PROBLEM DETAILS: Copy nothing but the text: reproduce each line of the listing exactly and leave the pictures out.

PROVIDED DATA:
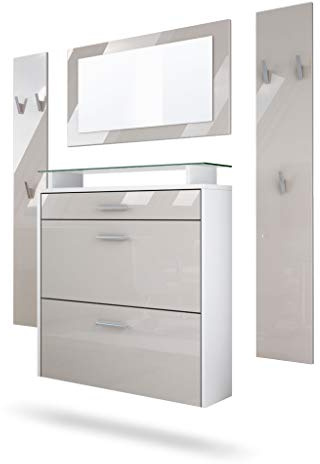 Vladon Garderobe Malea, Garderobenset bestehend aus 1 Hängeschuhschrank, 1 Wandspiegel und 2 Garderobenpaneele, Weiß matt/Sandgrau Hochglanz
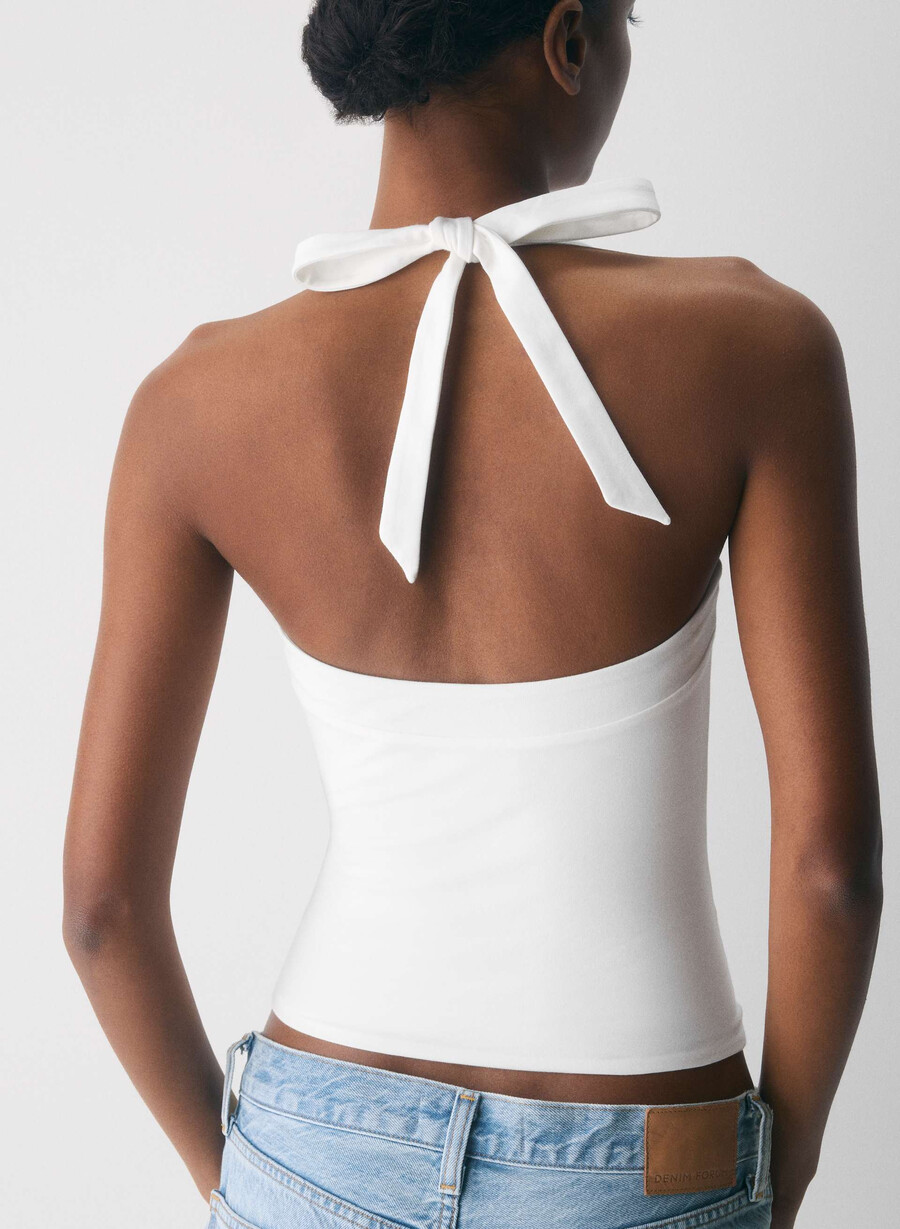 lässiges contour optimum neckholder-top weiss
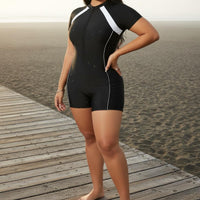 Single Piece Sun Protection Top Stretchy Material Zip Front Bathing Suit Contrast Panels Single-Piece Aquatic Romper Built-In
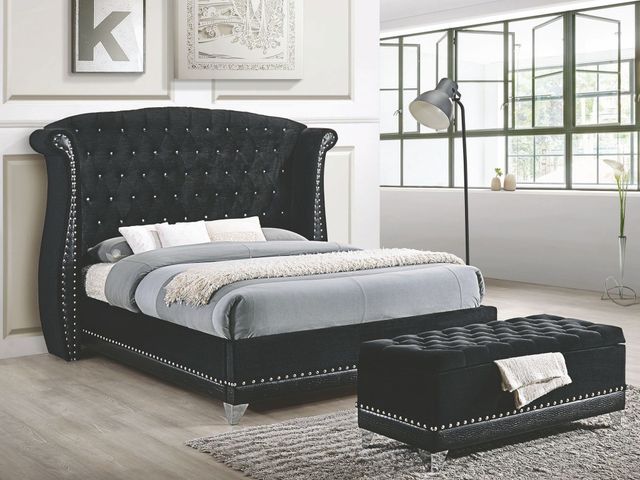 Coaster® Barzini Black/Chrome Queen Upholstered Bed-1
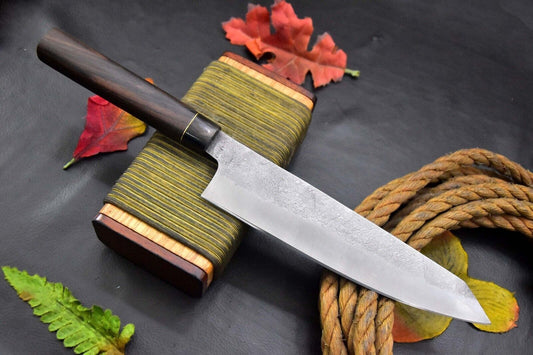 Custom Hammered Spring Steel 5160 Fixed Blade Chef Kitchen Knife with Walnut & Horn Handle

OUTPUT BELOW:
 Vladon Garderobe Malea, Garderobenset bestehend aus 1 Hängeschuhschrank, 1 Wandspiegel und 2 Garderobenpaneele, Weiß matt/Sandgrau Hochglanz
 lässiges contour optimum neckholder-top weiss
 Single Piece Sun Protection Top Stretchy Material Zip Front Bathing Suit Contrast Panels Single-Piece Aquatic Romper Built-In
 Coaster® Barzini Black/Chrome Queen Upholstered Bed-1
 Custom Hammered Spring Steel 5160 Fixed Blade Chef Kitchen Knife with Walnut & Horn Handle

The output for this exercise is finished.